:: Work instruction ::
Transcribe exactly the lines from the one containing "Men's Bugatti derby" through the end of the data, both included. Leave out pictures.

Brief descriptive captions:
# # # # # # #
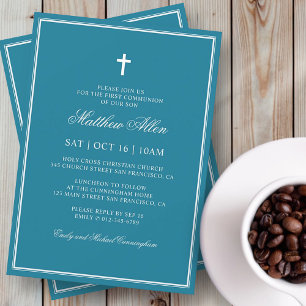 First Communion For Him   Elegant Classic Cross In Invitation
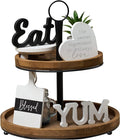 GENMOUS Farmhouse Kitchen Tiered Tray Decor Items Mini Set, Rustic Black and White Kitchen Counter Decor, Two Tiered Tray Kitchen Decor Set for Home Kitchen Dining Room Table Decoration
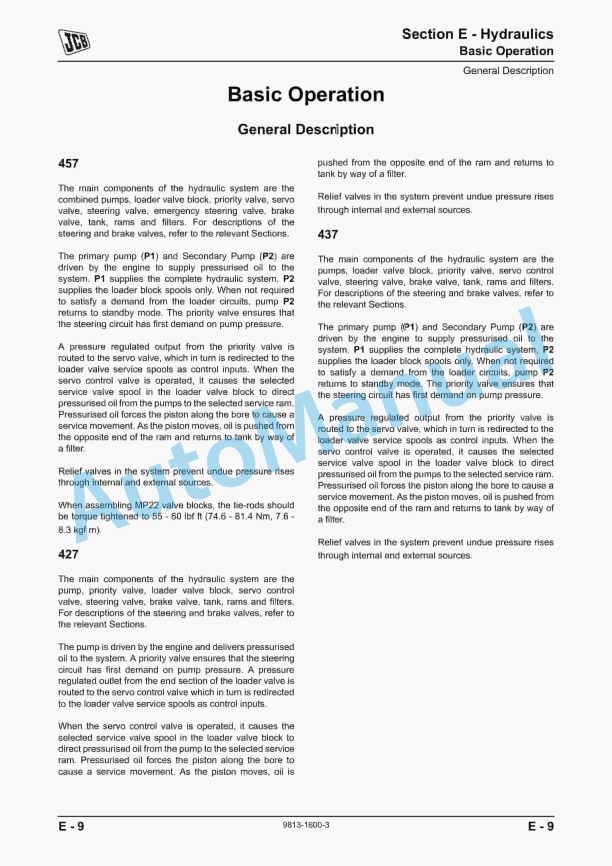 JCB 427, 437, 457 Wheeled Loading Shovel Service Manual 9813-1600 2 JCB 427, 437, 457 Wheeled Loading Shovel Service Manual 9813-1600 - Image 2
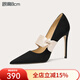 Lily Wei【初醒】黑色赫本風(fēng)高跟鞋細跟尖頭單鞋大碼氣質(zhì)溫柔女鞋 黑色【跟高8cm】 37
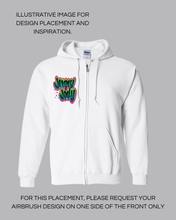 Load image into Gallery viewer, Personalized Airbrush Zip Up Hoodie for Women | Custom Name & Color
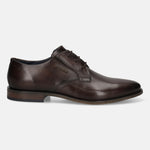 Men's Bugatti derby brown leather shoes with a pointed toe and plain toe featuring a moulded heel , a tpr outsole , and laces fastening.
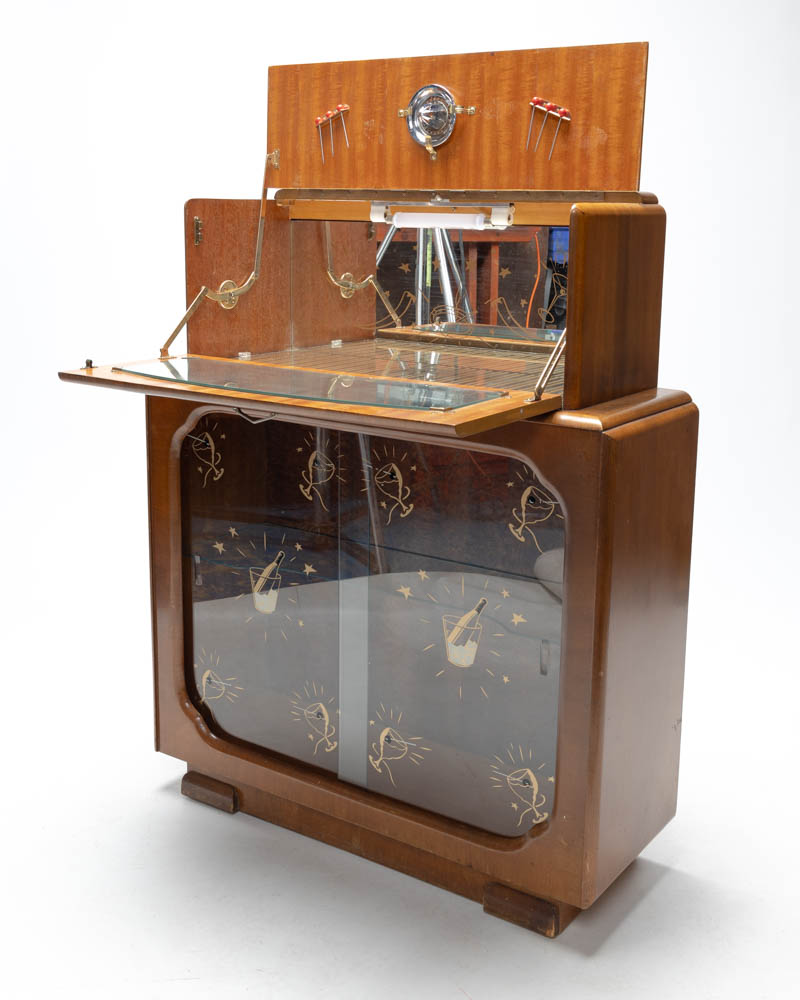 Art Deco Wood Drinks Cabinet with Cocktail Glass Detail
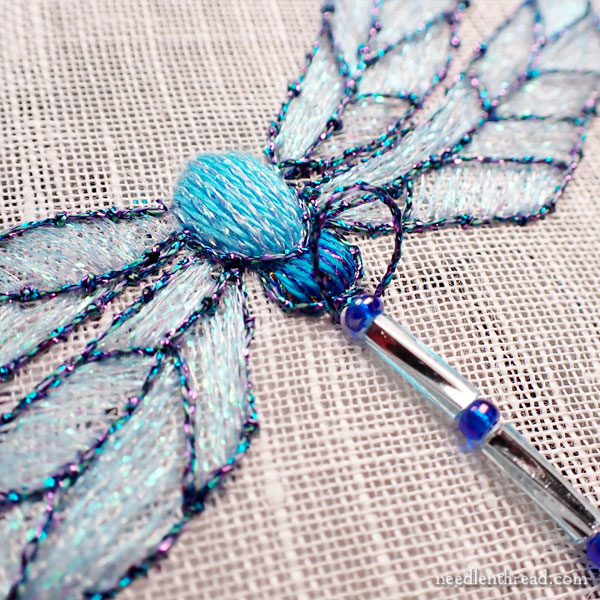 Embroidered dragonfly - tail, eyes, and bits
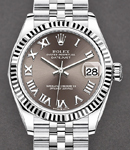 Midsize 31mm Datejust in Steel with Fluted Bezel on Jubilee Bracelet with Dark Grey Roman Dial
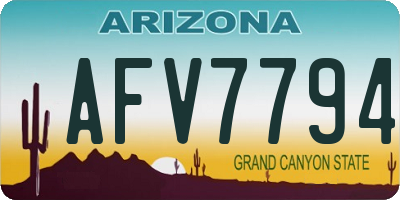 AZ license plate AFV7794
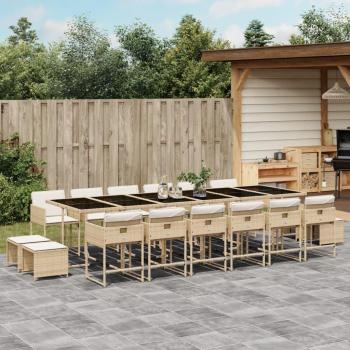 Set de Comedor de Jardín 17 Piezas con Cojines de Polyrattan Beige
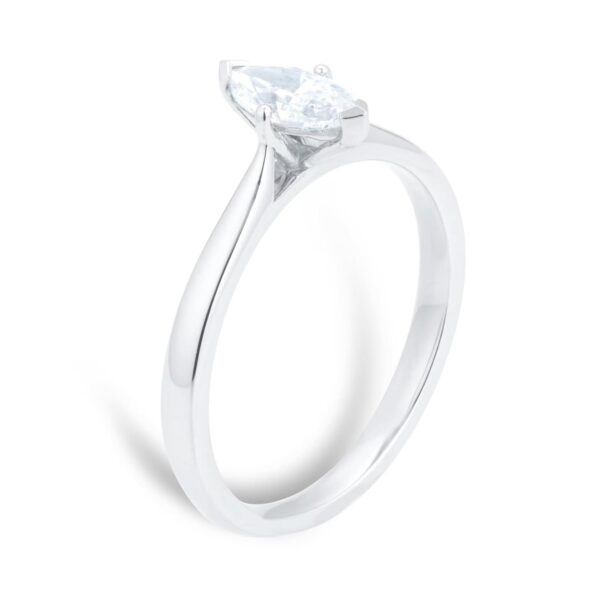 Platinum 0.50ct Marquise Cut Solitaire Engagement Ring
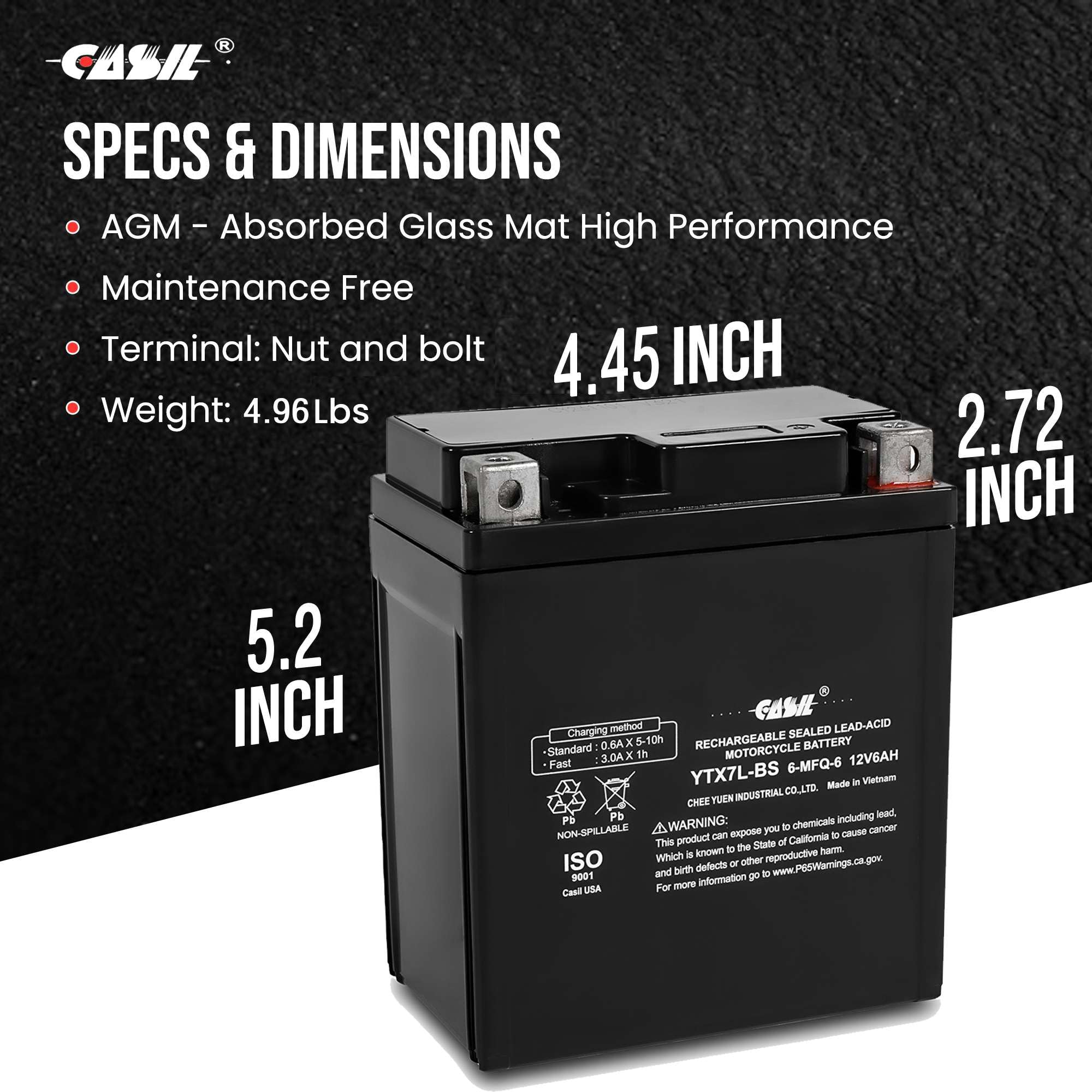 Ytx7L-Bs High Performance - Maintenance Free - Yuasa Yuam327Bs Ytx7L-Bs Battery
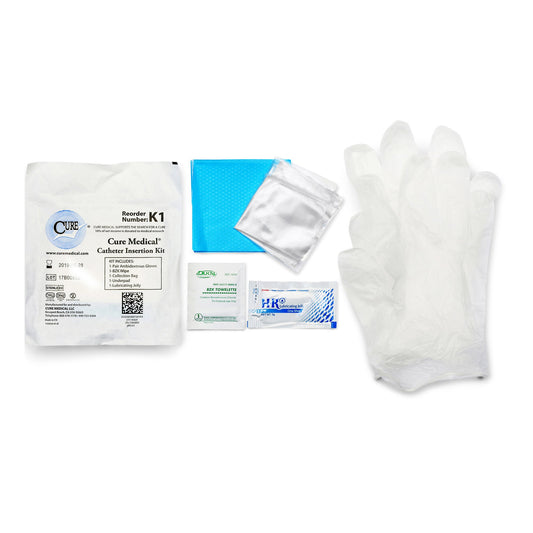 Cure Medical Catheter Insertion Tray with Zip Lock Bag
# # # # # # #
:: Output below ::
 Men's Bugatti derby brown leather shoes with a pointed toe and plain toe featuring a moulded heel , a tpr outsole , and laces fastening.
 Art Deco Wood Drinks Cabinet with Cocktail Glass Detail
 Embroidered dragonfly - tail, eyes, and bits
 Midsize 31mm Datejust in Steel with Fluted Bezel on Jubilee Bracelet with Dark Grey Roman Dial
 AZ license plate AFV7794
 Set de Comedor de Jardín 17 Piezas con Cojines de Polyrattan Beige
 Platinum 0.50ct Marquise Cut Solitaire Engagement Ring
 Ytx7L-Bs High Performance - Maintenance Free - Yuasa Yuam327Bs Ytx7L-Bs Battery
 Cure Medical Catheter Insertion Tray with Zip Lock Bag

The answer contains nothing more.